Editorial

Little Black Boxes

By

My boss recently handed me a copy of a surfing magazine and said, “This is the kind of thing we need to do for alife.” Though I enjoy a good “man versus unstoppable force-of-nature” adventure as much as the next guy, I was having trouble making the application. My mind (and mouth, unfortunately) flipped into slogan mode, spewing out mindless, predictable dribble like “Riding the Next Wave of Missions” and “Called to Surf.”

“No,” he retorted, politely concealing his disdain. “Look at the little black boxes.”

The featured article, entitled “Covert Operations: How to Keep Secret Spots Secret,” was riddled with little black boxes, each concealing a nugget of vital information regarding the exact whereabouts of an incredible surfing spot. It was clearly the intention of the author to paint a vivid picture of the adventure without jeopardizing the security of the location. Aha! Now I get it.

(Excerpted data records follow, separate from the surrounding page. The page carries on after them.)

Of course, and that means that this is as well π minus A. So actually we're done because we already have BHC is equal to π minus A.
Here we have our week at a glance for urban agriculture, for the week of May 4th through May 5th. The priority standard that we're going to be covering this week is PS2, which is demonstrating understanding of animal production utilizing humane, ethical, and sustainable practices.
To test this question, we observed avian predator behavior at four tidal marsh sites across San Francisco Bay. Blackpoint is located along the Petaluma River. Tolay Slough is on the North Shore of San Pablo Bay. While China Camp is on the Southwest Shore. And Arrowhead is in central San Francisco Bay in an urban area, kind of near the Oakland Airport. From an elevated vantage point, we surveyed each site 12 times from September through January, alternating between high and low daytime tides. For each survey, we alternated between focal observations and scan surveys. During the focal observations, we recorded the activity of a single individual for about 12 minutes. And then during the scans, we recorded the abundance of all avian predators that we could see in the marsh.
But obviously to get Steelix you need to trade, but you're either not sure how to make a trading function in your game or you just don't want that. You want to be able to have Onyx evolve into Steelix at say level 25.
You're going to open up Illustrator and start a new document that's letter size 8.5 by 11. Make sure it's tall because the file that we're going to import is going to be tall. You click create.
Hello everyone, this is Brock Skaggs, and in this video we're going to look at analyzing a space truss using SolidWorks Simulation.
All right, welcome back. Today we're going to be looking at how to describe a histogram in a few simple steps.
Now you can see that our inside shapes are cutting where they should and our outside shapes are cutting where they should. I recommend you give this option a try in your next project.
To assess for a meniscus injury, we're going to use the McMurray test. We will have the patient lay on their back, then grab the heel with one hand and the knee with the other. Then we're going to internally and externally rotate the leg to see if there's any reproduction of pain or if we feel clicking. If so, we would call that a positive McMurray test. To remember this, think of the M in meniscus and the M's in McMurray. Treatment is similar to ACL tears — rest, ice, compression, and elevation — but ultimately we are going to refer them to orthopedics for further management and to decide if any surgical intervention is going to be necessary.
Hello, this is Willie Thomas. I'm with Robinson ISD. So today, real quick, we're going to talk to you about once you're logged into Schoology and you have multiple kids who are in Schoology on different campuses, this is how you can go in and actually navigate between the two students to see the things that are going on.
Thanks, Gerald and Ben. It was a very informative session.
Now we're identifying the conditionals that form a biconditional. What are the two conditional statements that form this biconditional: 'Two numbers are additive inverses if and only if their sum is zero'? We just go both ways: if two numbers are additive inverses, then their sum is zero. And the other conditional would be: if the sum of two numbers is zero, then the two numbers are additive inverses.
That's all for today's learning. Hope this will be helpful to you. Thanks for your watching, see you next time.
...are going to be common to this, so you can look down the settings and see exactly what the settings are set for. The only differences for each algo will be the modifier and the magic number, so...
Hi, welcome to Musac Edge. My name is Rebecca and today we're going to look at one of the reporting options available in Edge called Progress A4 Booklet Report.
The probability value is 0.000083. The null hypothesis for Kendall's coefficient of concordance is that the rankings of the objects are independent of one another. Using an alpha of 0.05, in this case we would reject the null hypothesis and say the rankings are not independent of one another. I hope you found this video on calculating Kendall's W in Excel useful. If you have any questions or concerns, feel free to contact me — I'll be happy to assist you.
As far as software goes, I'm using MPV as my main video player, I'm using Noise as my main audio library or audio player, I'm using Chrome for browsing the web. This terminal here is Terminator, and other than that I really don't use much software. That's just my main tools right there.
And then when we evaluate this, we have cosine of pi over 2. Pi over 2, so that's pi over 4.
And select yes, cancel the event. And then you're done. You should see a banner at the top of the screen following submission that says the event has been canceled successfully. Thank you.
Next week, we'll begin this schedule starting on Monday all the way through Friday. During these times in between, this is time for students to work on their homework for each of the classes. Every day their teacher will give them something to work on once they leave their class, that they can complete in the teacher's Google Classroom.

And so it is with many of the “covert” ministries of The Alliance. Our challenge as ministry supporters is to keep our workers “upright in the pipeline,” and we sometimes need to jump in to help keep them afloat. But there are also times we need to stay out of the water. All the splashing attracts sharks. Let me explain.

Several years ago, God opened an unlikely door into the country of . He raised up a reluctant Alliance pastor named to establish a church in this violent, war-ravaged, – dominant country. Death threats and car bombs were daily occurrences. Despite unspeakable adversity, the church more than survived—it thrived. And it multiplied. So great was God’s blessing on this body that those of us watching from the West could not contain our excitement. So we—and not just us Alliance folk but many denominational and parachurch groups—began splashing. Splashing on church bulletins and Web sites, in promotional literature, on personal blogs and social networking sites—anywhere we could stir the waters. The pastor of this church soon became the poster boy for “against-all-odds” ministry in tough places. Google searches of his name yielded thousands of sites, most revealing names, locations and specific ministry activities. And the sharks began circling. BIG sharks. And they’re still circling.

Two important footnotes here: First, no splashing is needed to attract predators. They’ll likely show up anyway—especially where God’s purposes are being fulfilled. We know that our enemy the devil prowls around like a roaring lion looking for someone to devour (1 Peter 5:8). Whether lion or shark, he smells the blood and comes in for the kill.

Second, some splashing is okay. Stories, by definition, aren’t crafted to be contained. We can’t—and shouldn’t—help but celebrate miracles and milestones, especially those that are truly spectacular. But whom, in our clamor, may we have unintentionally invited to the celebration, and what might be their motives?

All I’m saying is this: Communications have changed radically over the past few decades. They are immediate and global. If a tree falls in the woods, we can pinpoint its location to the millimeter and its time of impact to the millisecond through an ever-increasing arsenal of unblinking satellites. If a man proposes to his girlfriend in Times Square (or just about anywhere else), we can watch the whole thing live from our laptops through an alarmingly saturated network of public webcams. And if I had spaghetti for dinner, chances are pretty good that my Facebook friends (and theirs) will know about it before the last meatball is skewered. Without sounding overly paranoid, we need to watch each others’ backs—because everyone else is.

Over the past month, I’ve received many letters and e-mails asking why we are broadening the circulation of this magazine when the Internet is so capable of broadcasting our message to the masses. My answer? Because the Internet is so capable of broadcasting our message to the masses. The second a name, place or face is posted, it leaves an indelible image, accessible to anyone, anytime through unfathomably powerful search engine technologies.

The C&MA Web site is an essential resource for anyone wishing to learn about the Alliance heritage, infuse himself with C&MA DNA or explore the many avenues of Kingdom service through Alliance ministry. I urge you to visit it regularly (www.cmalliance.org). But don’t go there for the information you’re about to read in these pages. Most of it will not be found online—but only in the little black box where your postal worker left it.